According to a report in New Scientist, the cosmos was a cauldron of radiation and equal amounts of matter and antimatter in its early days. As it cooled, all the antimatter annihilated in collisions with matter - but for some reason the proportions ended up lopsided, leaving some of the matter intact.
Physicists think that the explanation for this lies with the weak nuclear force, which differs from the other fundamental forces in that it does not act equally on matter and antimatter. This asymmetry, called CP violation, could have allowed the matter to survive to form the elements, stars and galaxies we see today.
But this standard model, which is the best effort to describe the universe's structure, fails to fully explain CP violation.
Many alternative theories claim to have the answer, such as those incorporating supersymmetry, extra dimensions and hitherto unseen forces.
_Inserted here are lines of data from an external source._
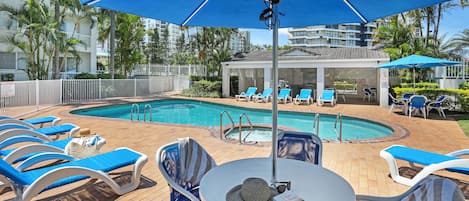 A poolside area with lounge chairs, a table, and umbrellas.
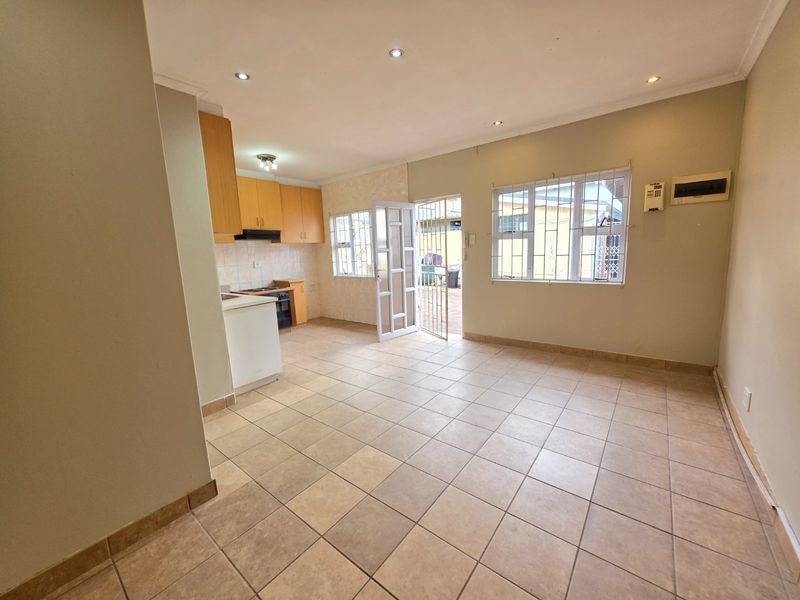An open-plan living and kitchen area featuring tiled flooring, recessed lighting, and functional built-in cabinetry, offering a blank canvas for personalization.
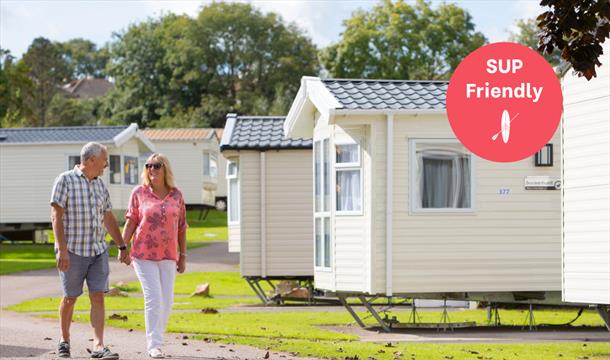 A man and a woman walk hand in hand against a backdrop of static caravans, at Beverley Holiday Park in Paignton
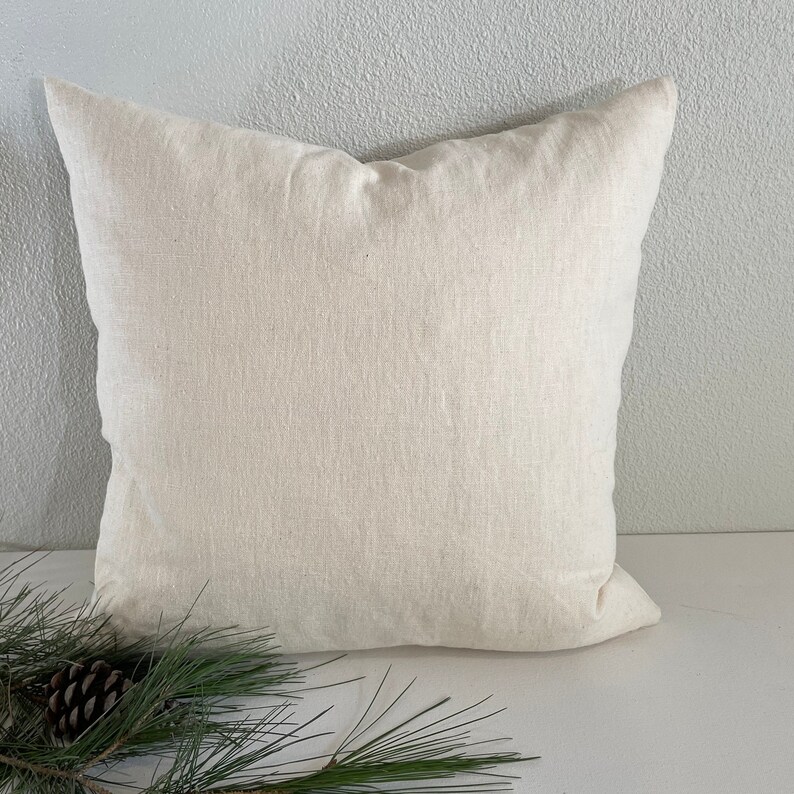 May include: A plain white linen pillow cover with a subtle texture. The pillow is sitting on a white surface with a pine branch in the foreground.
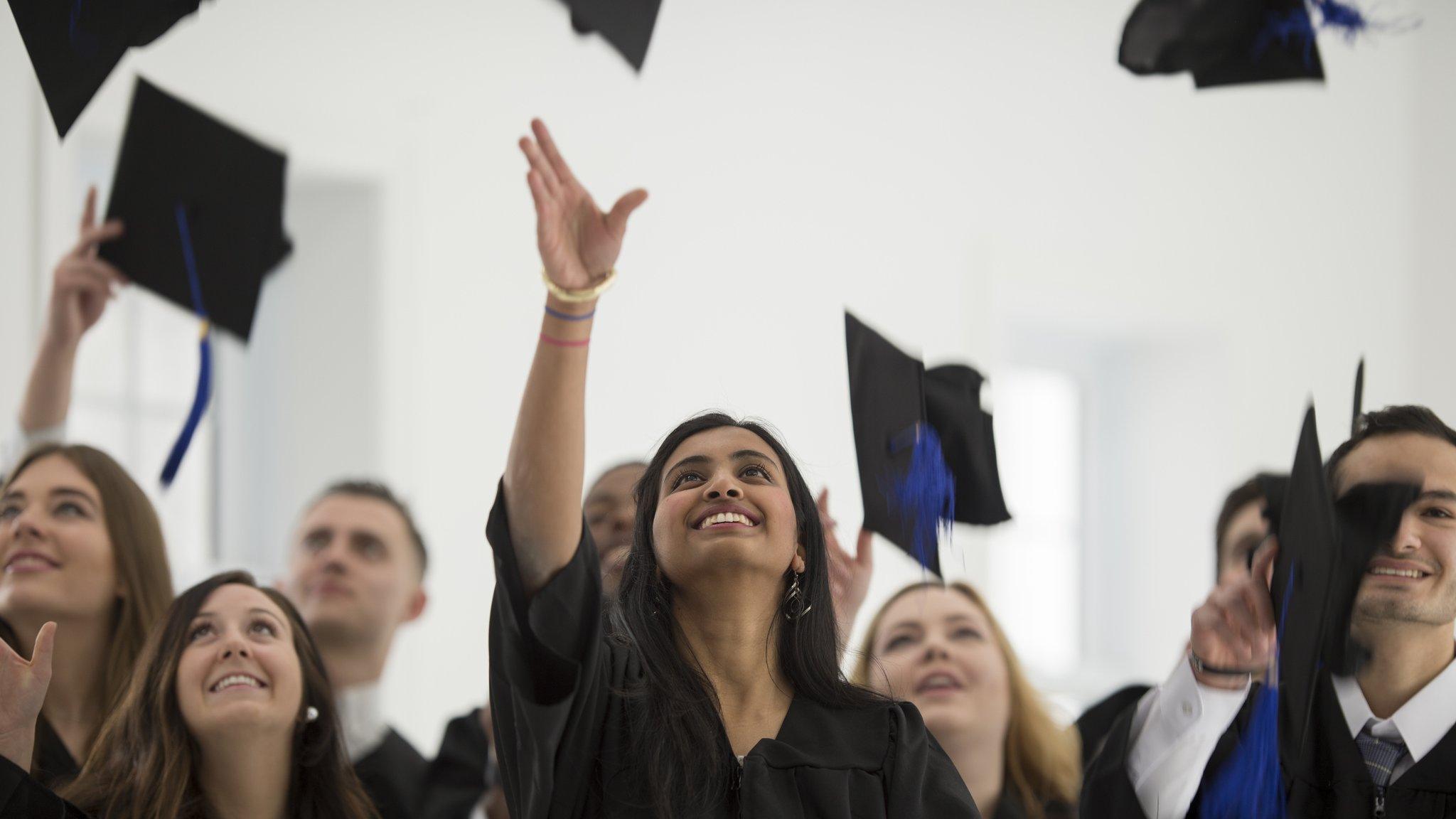 Group of students celebrating after graduation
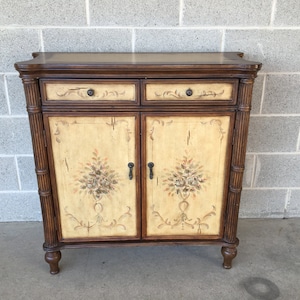 May include: A brown wooden cabinet with two drawers and two doors. The doors have a painted design of flowers and leaves on a cream background.
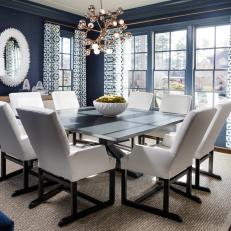 Blue Contemporary Dining Room With White Mirror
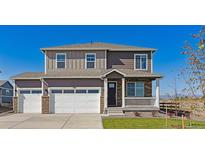 Charming two-story home boasts a three-car garage, covered porch, and inviting curb appeal at 1898 Westport Ave, Berthoud, CO 80513
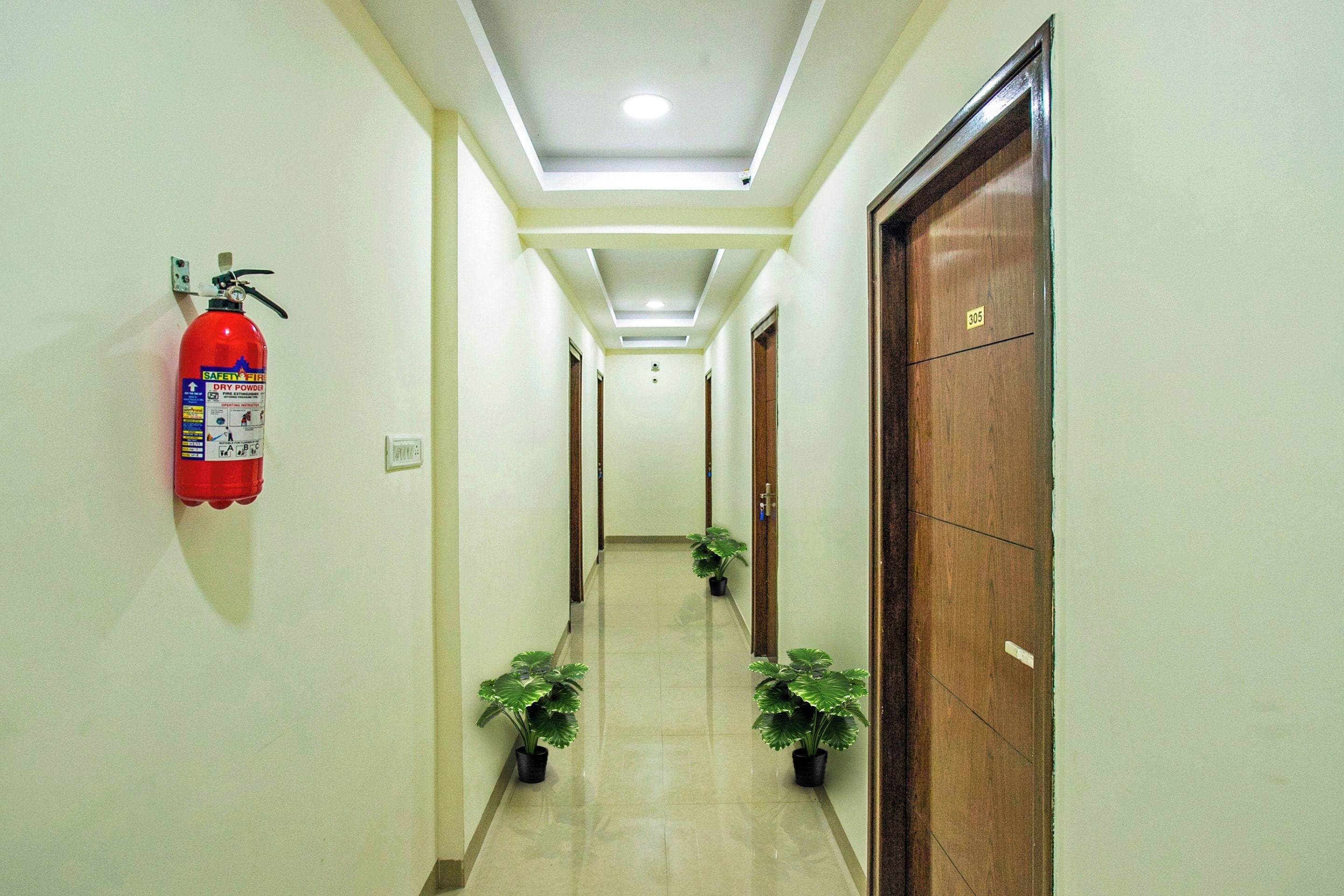 A hallway with a fire extinguisher mounted on the wall, potted plants, and a wooden door with a number.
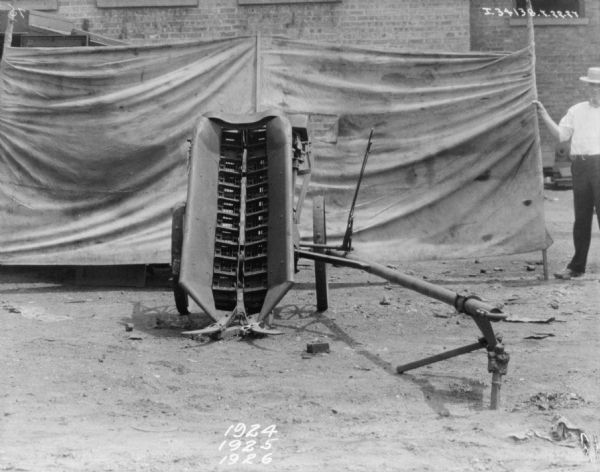Cotton picker set up outdoors. A man is standing in the background on the right holding up a sheet as a backdrop. There is a brick building in the background.
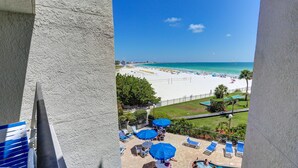 A balcony with a view of a beach, poolside lounge chairs, and umbrellas. - 🌅 Caprice Resort Unit #303 – Gulf Front Escape for Up to Four Guests (St Pete Beach)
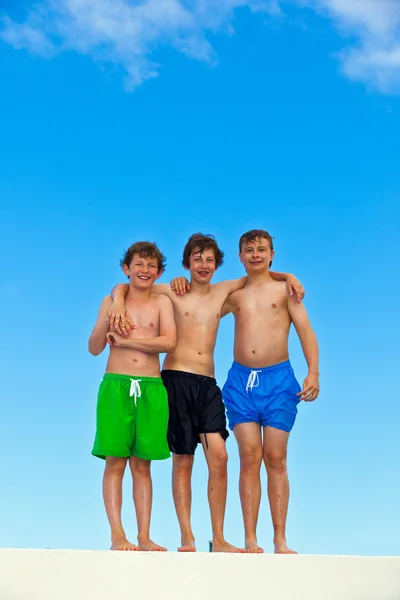 Three friends in swimmware stick together — Stock Photo, Image
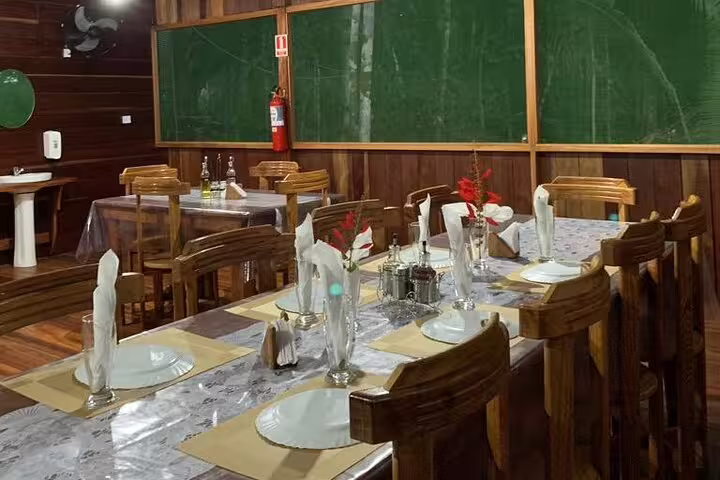 Dining area set with wooden tables and chairs, ready for guests at Amazon Mamori Lodge.
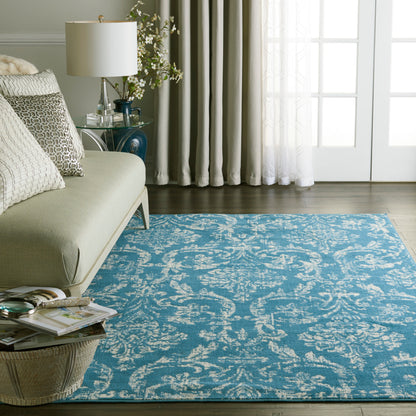 Turquoise blue area rug with white damask pattern on dark wood floor, in a living room with beige sofa and glass side table.
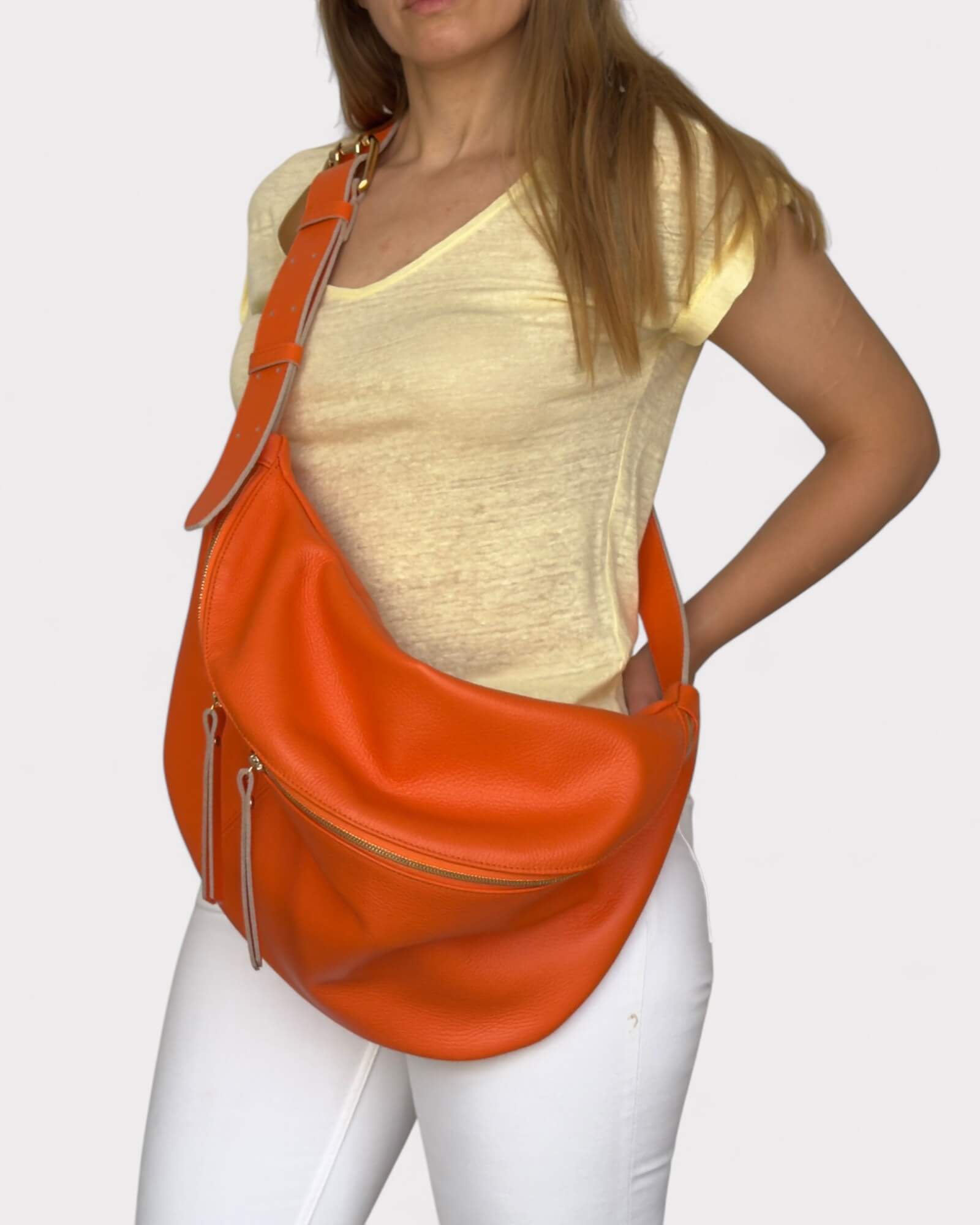 Woman wearing an orange shoulder bag on a plain background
However, they often invoke new particles, and experiments have yet to turn up evidence of these.
Particle physicists have long thought that they might find such evidence in a particle called the Bs meson, which comprises a bottom antiquark bound to a strange quark. he Bs is one of a handful of mesons that transforms into its own antiparticle and back again 3 trillion times per second before decaying into other particles. hese oscillations between matter and antimatter make it a good place to look for evidence that CP violation goes beyond the standard model.
At the Tevatron particle accelerator at Fermilab in Batavia, Illinois, two groups of scientists running the rival CDF and D-Zero experiments have been studying several properties of Bs mesons and their oscillations by picking through the debris created when protons and antiprotons collide.
While each experiment on its own has found faint hints of CP violation above and beyond the standard model, the experimental uncertainties have been too large to make a definitive claim.
Now, Luca Silvestrini at Italy's National Institute of Nuclear Physics (INFN) in Rome and colleagues in Italy, France and Switzerland have managed to reduce these uncertainties. By combining the published results of the CDF and D-Zero teams, they have shown there seems to be much more CP violation than the standard model permits.
"We can say with greater than 99.7 per cent probability that CP violation is there," said Silvestrini.